A couple Christmas songs that drive me crazy.

I hate blogs where people spend all their posts complaining. Sometimes you'll stumble across a blog where the post that draws you in is ok, but then you take a look at the rest of the entries and hightail it out of there. I'm just not interested in daily negativeness. (Huh, negativeness is a word. How about that?) Nobody needs to read, "I'm still a pathetic loser with no girlfriend and my job doesn't pay much!!" The worst, but most common example is when people combine this with politics. "ONCE AGAIN I HAVE TO REMIND PEOPLE WHO LISTEN TO ME THAT I HAAAAAAAAAATE SENATOR KITTENKICKER!!!!!!!!!!!"

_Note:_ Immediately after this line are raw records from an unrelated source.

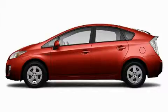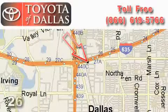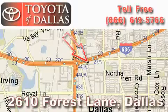We invite you to contact us today to learn more about this vehicle. Toyota of Dallas is located at 2610 Forest Lane.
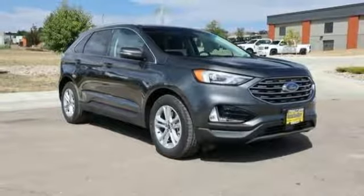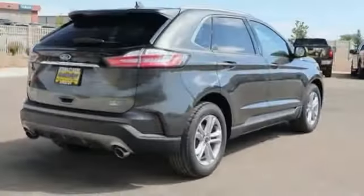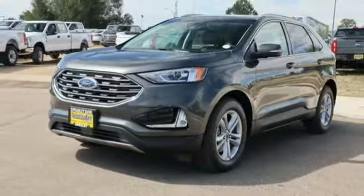Looking for the right vehicle? Check out the 2019 Edge. Thrills with more power and MPG. Either way, you're in for an exhilarating experience with Ford Edge.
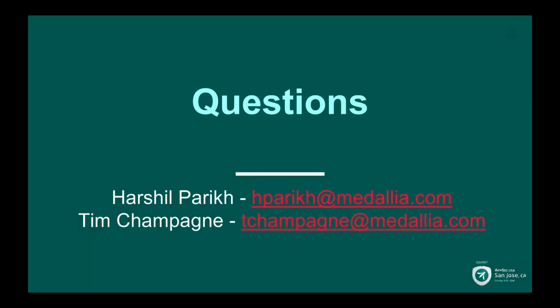To wrap up, we'll go for some questions, but in case you don't get a chance, feel free to email us. We are reachable.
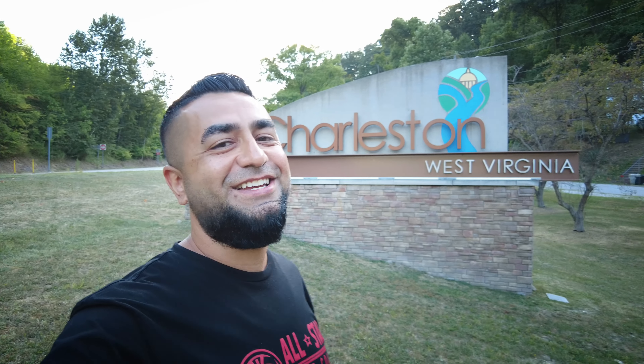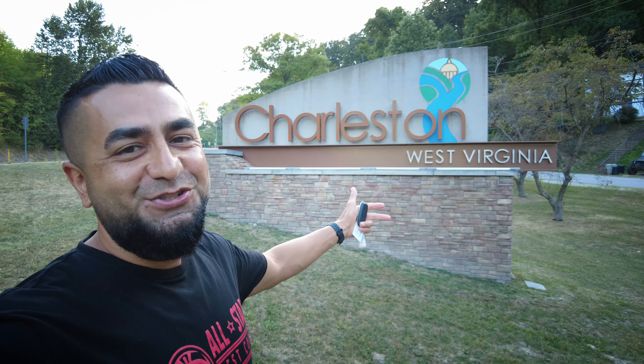What up fam, it's Ali and we are back — Charleston, West Virginia.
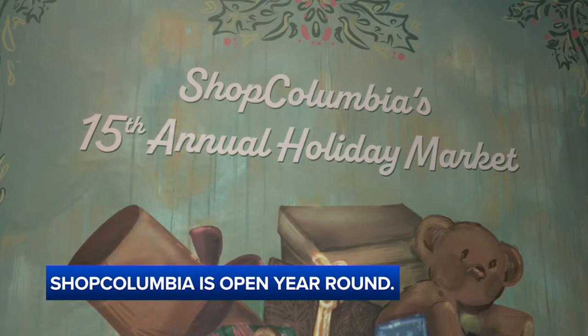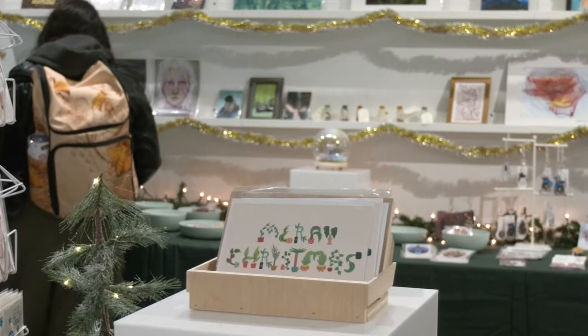It's been really fun being able to see people actually purchase my artwork, especially since I work here as well. When I have to bring them up, I'm like, 'Oh, it's mine!' So it's just really fun to see that.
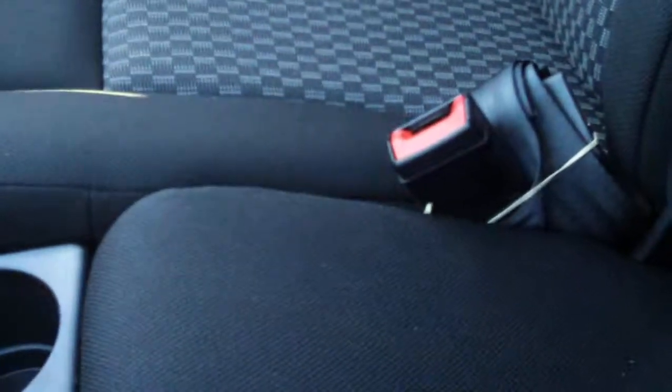Looking at the cloth seats, they're two-tone black with gray. You can seat three in the front with a couple of cupholders in the middle and a console that flips up. There are also two seats in the rear — very simple and very easy.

Of course, I'm sure I've had a few posts in the past where I complained about things. So let me be a little negative today. You know those radio stations that play Christmas songs all day since sometime before Christmas until January? I could complain about that, and I probably have. Well, there's one song that makes me cringe.

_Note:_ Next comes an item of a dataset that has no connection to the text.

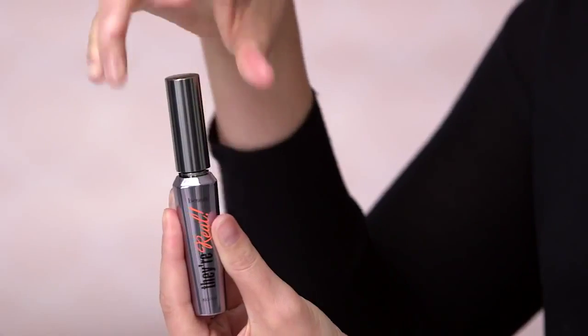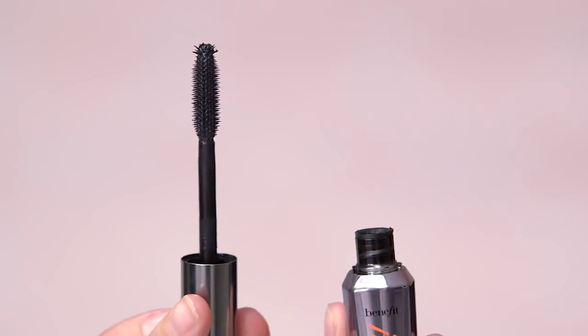Hi, my name is Annie Ford Danielson. I'm the Global Beauty Authority for Benefit Cosmetics, and I'm going to introduce you to They're Real Mascara. I love They're Real Mascara because it lengthens and separates your lashes.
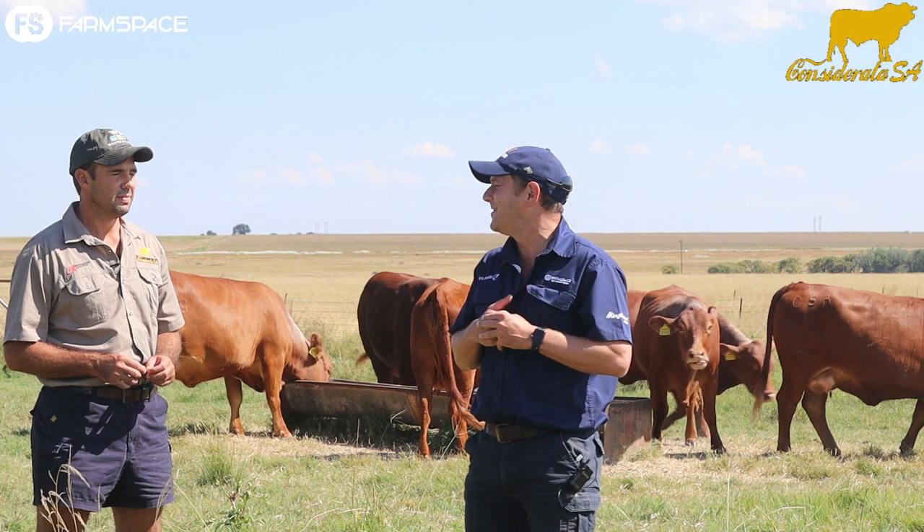Hello and welcome to FarmSpace. We're in the Free State, Parijs, and I'm talking to Johan Dunhouser from Considerata SA. We're talking about the Droughtmaster. Johan, welcome again. Thanks Dines, nice to have you.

That song is Christmas Shoes. I'm not sure what's the part I hate about it the most. Is it the fact that it's one of the most cloying, manipulative songs about Christmas? I mean, the kid says "mama." How many kids say that? Is it the weird fact that there's a time element to it? The song acts like if the kid doesn't get the shoes to his mom in 55 minutes, she'll explode or something. (How's that premise for a Michael Bay movie?) Also, if she's so sick that she could go at any moment, I doubt she could even see the shoes. And why do they have to drag Jesus into the song?

How about the fact that despite all this, the singer takes home the message that God sent this kid to him to stop being grumpy? Yeah, God is slowly killing this kids mom FOR YOU! IT'S ALL ABOUT YOU!

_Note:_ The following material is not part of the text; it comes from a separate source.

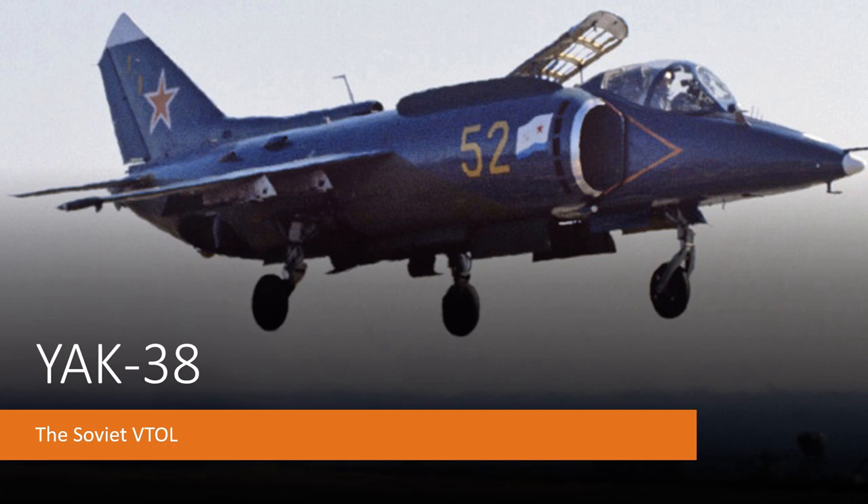Why were VTOL aircraft introduced? Well, it was because of runways — or rather, the lack of them. As jet power became the norm, jet engines are very delicate, and if rubble gets inside one, the whole thing goes boom. So proper, large, clean asphalt runways had to be made. But if you're in a war, runways are going to get bombed, and you don't want your runway bombed all the time because you're going to have to reconstruct and repair it.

If I had to put my money on what annoys me most about this song, it's probably the angelic choir at the end that repeats the refrain. It's like the song wants to believe itself to be an instant classic and is patting itself on the back.

I'm not saying that anything that happens in the song is wrong. I'd hate to see a loved one in that kind of situation and I would want to do anything to make them better, but this song just rubs me the wrong way.


And since I'm here, let me mention a remake that isn't equal to the original. Madonna, your version of Santa, Baby sucks because A) You're 60 years old, and B) You're voice is too babyish.

1 comment:

wurwolf said...

Torrk, I hate that song too. It's horrid. Stupid kid!

The first time Onil and the kids heard that song they just about died laughing.